----- Data section

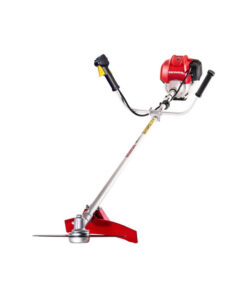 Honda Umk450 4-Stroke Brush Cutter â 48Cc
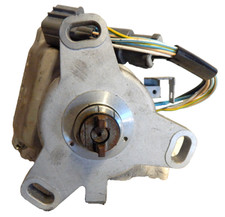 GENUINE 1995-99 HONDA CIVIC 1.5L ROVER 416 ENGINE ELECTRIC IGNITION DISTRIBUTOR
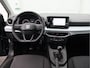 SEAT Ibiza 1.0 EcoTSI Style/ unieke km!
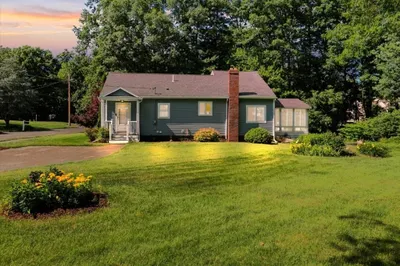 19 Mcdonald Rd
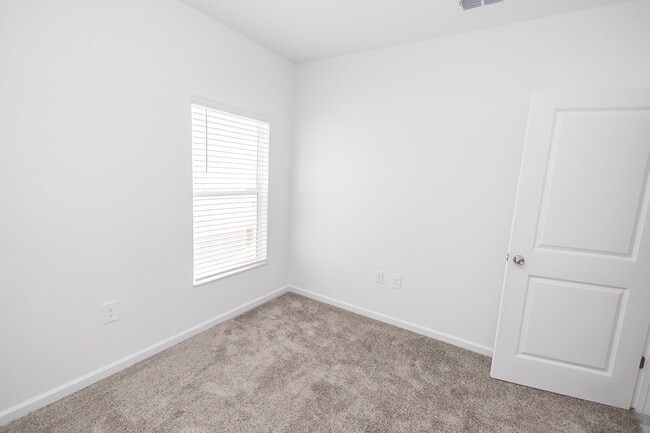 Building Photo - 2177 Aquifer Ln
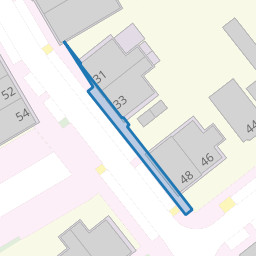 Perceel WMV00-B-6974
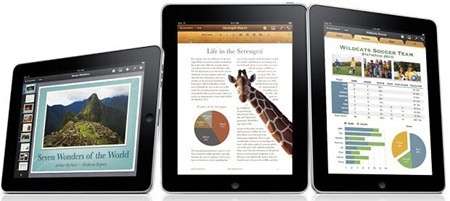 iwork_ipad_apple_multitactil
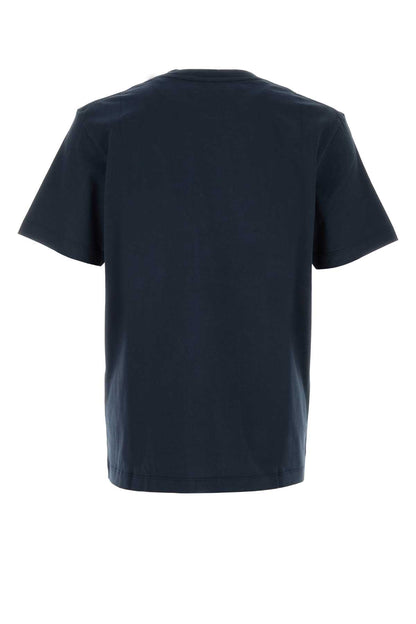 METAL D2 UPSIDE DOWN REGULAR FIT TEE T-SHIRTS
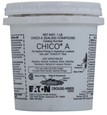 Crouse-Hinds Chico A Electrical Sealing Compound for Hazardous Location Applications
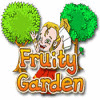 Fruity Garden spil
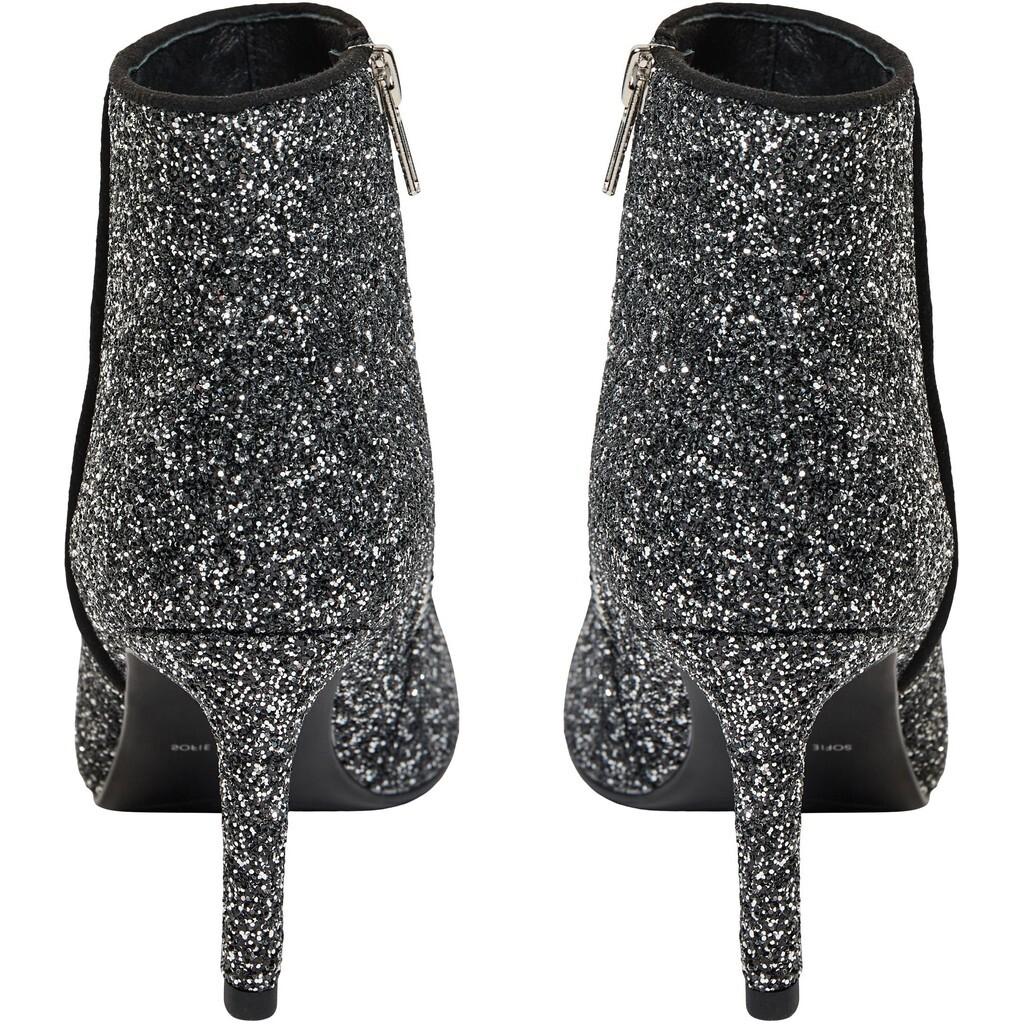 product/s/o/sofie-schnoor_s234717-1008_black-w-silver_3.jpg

----------

--- Prompt ---
If you see a picture in the listing, skip it while copying everything else exactly.

--- Reply to the task ---
 Honda Umk450 4-Stroke Brush Cutter â 48Cc
 GENUINE 1995-99 HONDA CIVIC 1.5L ROVER 416 ENGINE ELECTRIC IGNITION DISTRIBUTOR
 SEAT Ibiza 1.0 EcoTSI Style/ unieke km!
 19 Mcdonald Rd
 Building Photo - 2177 Aquifer Ln
 Perceel WMV00-B-6974
 iwork_ipad_apple_multitactil
 METAL D2 UPSIDE DOWN REGULAR FIT TEE T-SHIRTS
 Crouse-Hinds Chico A Electrical Sealing Compound for Hazardous Location Applications
 Fruity Garden spil
 product/s/o/sofie-schnoor_s234717-1008_black-w-silver_3.jpg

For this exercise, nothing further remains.